Which foreign nation scares you the most?

prejudices

Encounters with strangers are not a phenomenon of the present; they have always existed. It is a question of attitude whether one approaches "strangers" positively or negatively, with fear or curiosity.

An African refugee looks into his new surroundings in Los Abrigos in the Canary Islands. (& copy picture-alliance / AP)

introduction

The following section is about a multi-faceted term. The alien may appear as a typical moment of modernity, as a disturbing characteristic of a world with rapidly surmountable distances, which is networked and drawn together. This world seems to be more in motion than ever before. It facilitates pleasant experiences with distant cultures, and when merging different business cultures into a globally operating corporation requires a high degree of empathy and logistics. This world produces streams of refugees and creates confusion and unintentional encounters even in familiar places.

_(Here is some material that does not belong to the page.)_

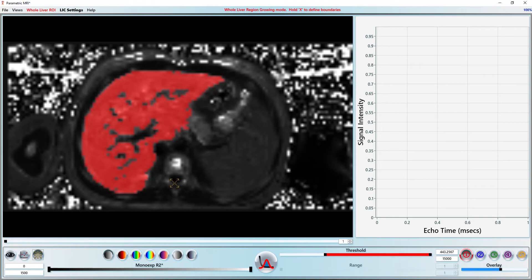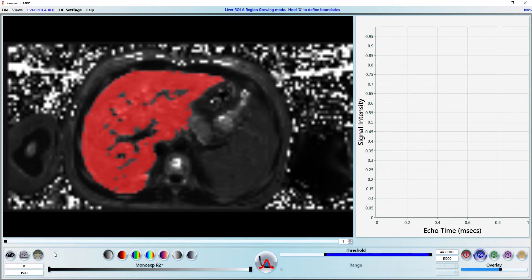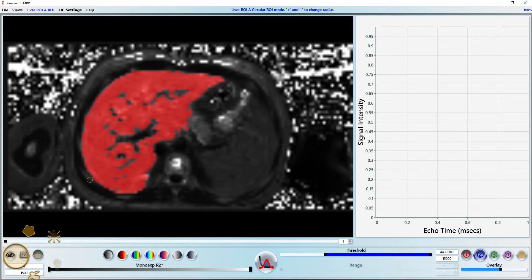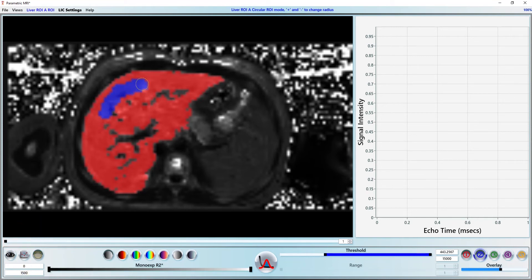While we are here, let's define two more ROIs to get a rough idea of variability in the iron distribution. First I change my active ROI to 2 and then I select the circular ROI tool and paint over the image. I do the same for the third ROI.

Diverse forms of experience

In order to question such perceptions, it is worthwhile to open your view historically and to shed light on the concept of "foreign" from different angles. Because here it can be shown by way of example that the perception of others and the experience of foreignness were always present phenomena that evoked different reactions, both defensive and receptive. The historical perspective offers parallels to present-day phenomena, but - far more important: the foreign appears in retrospect in very different appearances, under completely changing conditions and in no way as a clearly defined category. Furthermore, it is about the different forms of experiencing foreignness: immigrants, emigrants, hikers and also residents; Strangeness does not simply coincide with migration, but also with its opposite - with staying.

Only what is experienced as such is foreign. Nothing is intrinsically and necessarily alien. The unfamiliar terrain simply appears to be present in the experience; in fact, it is subjectively set and the result of arbitrary classification criteria in the wake of personal motives and social conventions.

The common term connections already show how different, positive as well as negative, the foreign can be lived and experienced: "Foreign fear" is widespread, "foreign determination" refers to dependency, the "foreign body" seems out of place, but it can also be a challenge. The "strange sound" is initially unfamiliar, but can arouse curiosity; "strange" thoughts surprise, can be absurd, but also open up new horizons. The journey into - today it sounds pathetic - "the foreigner" always had different reasons: It could be undertaken out of curiosity (discovery, expansion), but also out of necessity (displacement, flight, poverty).

No wonder then that it is difficult to formulate a binding theory for the foreign from both a present and a historical perspective.